DATA RECORDS |
▬▬▬▬▬▬▬▬▬▬

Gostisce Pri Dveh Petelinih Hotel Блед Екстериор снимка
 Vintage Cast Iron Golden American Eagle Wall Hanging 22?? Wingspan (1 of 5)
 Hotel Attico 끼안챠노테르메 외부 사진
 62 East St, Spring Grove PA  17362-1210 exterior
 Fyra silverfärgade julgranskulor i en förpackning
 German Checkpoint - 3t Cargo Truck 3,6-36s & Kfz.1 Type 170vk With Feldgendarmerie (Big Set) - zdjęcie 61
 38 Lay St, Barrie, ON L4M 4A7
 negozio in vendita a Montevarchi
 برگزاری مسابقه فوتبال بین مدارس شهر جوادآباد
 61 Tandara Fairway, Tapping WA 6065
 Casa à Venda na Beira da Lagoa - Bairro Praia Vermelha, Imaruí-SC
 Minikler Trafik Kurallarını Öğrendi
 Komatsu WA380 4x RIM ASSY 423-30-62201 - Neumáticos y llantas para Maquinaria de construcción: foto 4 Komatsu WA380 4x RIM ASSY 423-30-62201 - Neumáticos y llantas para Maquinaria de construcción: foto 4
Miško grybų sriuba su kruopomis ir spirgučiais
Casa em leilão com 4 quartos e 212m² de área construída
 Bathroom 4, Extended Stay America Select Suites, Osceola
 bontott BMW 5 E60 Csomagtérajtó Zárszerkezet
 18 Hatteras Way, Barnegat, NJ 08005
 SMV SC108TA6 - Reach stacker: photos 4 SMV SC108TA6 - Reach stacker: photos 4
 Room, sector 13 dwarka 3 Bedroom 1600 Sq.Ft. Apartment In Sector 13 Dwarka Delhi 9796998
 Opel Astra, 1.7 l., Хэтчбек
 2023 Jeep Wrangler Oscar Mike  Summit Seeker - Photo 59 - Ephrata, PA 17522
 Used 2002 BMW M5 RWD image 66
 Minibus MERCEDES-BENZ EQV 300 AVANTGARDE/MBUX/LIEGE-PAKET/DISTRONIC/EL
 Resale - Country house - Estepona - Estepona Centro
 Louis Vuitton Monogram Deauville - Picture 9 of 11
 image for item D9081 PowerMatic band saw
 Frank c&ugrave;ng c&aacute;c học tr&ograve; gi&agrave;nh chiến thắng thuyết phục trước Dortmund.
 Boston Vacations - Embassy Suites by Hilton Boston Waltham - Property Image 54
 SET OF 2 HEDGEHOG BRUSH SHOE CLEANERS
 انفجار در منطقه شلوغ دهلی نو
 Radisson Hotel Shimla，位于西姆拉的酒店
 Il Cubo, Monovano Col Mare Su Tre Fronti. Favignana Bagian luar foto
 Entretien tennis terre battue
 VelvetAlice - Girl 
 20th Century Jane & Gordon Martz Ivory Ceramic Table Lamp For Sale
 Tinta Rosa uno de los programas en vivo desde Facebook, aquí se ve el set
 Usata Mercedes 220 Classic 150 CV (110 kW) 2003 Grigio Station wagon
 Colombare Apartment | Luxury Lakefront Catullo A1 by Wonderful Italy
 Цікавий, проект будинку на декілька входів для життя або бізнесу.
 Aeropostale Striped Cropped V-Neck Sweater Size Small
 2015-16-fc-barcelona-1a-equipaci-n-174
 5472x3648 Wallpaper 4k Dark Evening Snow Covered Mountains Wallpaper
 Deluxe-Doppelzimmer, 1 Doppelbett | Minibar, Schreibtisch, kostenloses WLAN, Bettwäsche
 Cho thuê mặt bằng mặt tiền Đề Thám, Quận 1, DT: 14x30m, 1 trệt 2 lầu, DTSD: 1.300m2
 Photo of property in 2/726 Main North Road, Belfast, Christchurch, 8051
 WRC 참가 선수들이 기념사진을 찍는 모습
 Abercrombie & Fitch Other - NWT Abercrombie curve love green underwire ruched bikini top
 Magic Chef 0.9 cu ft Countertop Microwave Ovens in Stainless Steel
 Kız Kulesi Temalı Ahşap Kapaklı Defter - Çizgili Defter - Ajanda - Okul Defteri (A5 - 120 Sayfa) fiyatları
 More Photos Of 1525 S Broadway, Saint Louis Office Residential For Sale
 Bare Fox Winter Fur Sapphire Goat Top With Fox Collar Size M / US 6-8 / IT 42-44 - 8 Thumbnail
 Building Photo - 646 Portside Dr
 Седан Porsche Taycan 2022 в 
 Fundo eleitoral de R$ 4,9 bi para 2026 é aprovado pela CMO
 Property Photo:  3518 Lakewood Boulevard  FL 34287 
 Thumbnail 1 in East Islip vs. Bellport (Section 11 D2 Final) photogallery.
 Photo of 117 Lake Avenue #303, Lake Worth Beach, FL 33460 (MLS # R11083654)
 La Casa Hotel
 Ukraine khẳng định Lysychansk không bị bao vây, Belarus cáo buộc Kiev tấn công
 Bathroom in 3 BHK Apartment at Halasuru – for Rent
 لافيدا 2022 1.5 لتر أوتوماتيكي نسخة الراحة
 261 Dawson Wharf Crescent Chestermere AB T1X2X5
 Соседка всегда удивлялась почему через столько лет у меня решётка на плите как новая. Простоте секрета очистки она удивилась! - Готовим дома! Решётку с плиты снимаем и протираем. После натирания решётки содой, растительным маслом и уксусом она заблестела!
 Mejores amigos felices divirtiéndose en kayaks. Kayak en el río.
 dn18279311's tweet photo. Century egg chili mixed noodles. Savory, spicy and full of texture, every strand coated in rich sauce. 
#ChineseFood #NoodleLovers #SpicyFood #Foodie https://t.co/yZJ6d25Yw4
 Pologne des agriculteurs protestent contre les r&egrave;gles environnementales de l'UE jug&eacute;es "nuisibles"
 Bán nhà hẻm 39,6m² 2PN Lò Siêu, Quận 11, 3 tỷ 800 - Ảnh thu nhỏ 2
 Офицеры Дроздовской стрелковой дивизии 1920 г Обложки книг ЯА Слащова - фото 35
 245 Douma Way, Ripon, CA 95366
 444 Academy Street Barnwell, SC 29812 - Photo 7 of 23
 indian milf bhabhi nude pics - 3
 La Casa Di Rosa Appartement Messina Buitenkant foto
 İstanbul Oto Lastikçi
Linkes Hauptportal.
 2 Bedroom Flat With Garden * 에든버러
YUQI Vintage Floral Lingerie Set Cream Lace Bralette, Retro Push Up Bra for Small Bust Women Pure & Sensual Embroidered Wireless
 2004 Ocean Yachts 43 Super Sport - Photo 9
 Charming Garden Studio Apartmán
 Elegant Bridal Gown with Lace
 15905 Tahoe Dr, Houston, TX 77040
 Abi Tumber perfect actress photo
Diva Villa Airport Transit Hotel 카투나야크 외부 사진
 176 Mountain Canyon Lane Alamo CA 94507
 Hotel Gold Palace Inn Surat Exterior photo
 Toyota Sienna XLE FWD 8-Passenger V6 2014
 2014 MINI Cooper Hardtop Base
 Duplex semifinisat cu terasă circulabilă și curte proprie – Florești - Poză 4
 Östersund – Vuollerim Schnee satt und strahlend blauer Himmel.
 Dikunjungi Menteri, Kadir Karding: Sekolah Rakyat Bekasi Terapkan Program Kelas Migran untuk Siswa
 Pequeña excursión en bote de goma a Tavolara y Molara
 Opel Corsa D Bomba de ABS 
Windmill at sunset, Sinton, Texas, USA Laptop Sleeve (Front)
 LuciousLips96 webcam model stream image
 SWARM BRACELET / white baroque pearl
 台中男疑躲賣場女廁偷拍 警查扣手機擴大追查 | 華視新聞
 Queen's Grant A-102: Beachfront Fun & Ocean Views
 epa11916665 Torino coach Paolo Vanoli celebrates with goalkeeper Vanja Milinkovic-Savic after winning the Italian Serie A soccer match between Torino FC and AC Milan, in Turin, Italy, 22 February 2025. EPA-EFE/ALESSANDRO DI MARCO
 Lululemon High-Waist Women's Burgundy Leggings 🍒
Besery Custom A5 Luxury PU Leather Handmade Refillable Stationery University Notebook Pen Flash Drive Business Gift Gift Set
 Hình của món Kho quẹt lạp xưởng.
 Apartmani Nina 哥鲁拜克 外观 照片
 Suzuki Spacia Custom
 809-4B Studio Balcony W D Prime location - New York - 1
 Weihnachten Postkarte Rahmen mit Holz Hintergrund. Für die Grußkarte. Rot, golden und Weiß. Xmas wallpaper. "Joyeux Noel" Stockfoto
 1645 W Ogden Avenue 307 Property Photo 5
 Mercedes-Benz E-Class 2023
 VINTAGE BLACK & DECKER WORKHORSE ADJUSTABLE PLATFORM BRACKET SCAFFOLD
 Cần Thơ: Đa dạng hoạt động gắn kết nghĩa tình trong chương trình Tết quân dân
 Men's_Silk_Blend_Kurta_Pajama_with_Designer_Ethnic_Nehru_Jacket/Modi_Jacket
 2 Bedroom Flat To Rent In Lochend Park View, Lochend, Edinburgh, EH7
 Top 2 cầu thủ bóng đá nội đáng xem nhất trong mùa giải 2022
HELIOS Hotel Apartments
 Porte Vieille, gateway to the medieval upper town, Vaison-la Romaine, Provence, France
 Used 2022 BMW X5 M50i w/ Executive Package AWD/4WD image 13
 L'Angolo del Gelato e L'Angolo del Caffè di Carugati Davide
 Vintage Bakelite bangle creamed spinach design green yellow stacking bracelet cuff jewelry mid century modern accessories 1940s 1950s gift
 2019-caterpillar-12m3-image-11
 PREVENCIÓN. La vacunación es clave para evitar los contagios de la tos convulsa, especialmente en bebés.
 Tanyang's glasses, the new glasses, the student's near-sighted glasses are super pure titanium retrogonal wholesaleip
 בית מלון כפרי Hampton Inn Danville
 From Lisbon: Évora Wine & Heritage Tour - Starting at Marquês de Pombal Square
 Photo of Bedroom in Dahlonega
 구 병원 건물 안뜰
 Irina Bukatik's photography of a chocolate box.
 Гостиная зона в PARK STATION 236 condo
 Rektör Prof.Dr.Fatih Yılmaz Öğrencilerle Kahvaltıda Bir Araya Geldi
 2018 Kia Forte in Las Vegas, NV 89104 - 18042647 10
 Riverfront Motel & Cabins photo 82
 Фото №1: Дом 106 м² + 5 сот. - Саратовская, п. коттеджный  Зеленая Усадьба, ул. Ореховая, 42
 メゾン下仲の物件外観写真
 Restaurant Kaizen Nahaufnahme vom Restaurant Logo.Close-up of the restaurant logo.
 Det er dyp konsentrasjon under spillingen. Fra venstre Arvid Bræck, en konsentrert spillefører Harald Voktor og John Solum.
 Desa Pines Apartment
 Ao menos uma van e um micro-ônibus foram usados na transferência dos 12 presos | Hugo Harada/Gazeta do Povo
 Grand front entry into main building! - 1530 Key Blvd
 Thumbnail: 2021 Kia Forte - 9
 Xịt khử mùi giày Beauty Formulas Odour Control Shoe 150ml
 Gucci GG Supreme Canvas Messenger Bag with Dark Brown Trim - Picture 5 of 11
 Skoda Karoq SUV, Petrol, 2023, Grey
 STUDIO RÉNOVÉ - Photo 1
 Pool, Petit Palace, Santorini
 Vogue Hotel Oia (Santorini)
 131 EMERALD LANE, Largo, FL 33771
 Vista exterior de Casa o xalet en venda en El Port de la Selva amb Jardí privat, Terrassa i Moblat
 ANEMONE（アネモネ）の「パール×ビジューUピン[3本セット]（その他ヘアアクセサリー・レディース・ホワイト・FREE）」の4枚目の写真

▬▬▬▬▬▬▬▬▬▬

ACTIVITY |
Both the line containing "Il Cubo, Monovano" and the line containing "Цікавий, проект будинку" belong in the answer. Print them and every line above that falls between them exactly, and no others.

ANSWER BOX |
 Il Cubo, Monovano Col Mare Su Tre Fronti. Favignana Bagian luar foto
 Entretien tennis terre battue
 VelvetAlice - Girl 
 20th Century Jane & Gordon Martz Ivory Ceramic Table Lamp For Sale
 Tinta Rosa uno de los programas en vivo desde Facebook, aquí se ve el set
 Usata Mercedes 220 Classic 150 CV (110 kW) 2003 Grigio Station wagon
 Colombare Apartment | Luxury Lakefront Catullo A1 by Wonderful Italy
 Цікавий, проект будинку на декілька входів для життя або бізнесу.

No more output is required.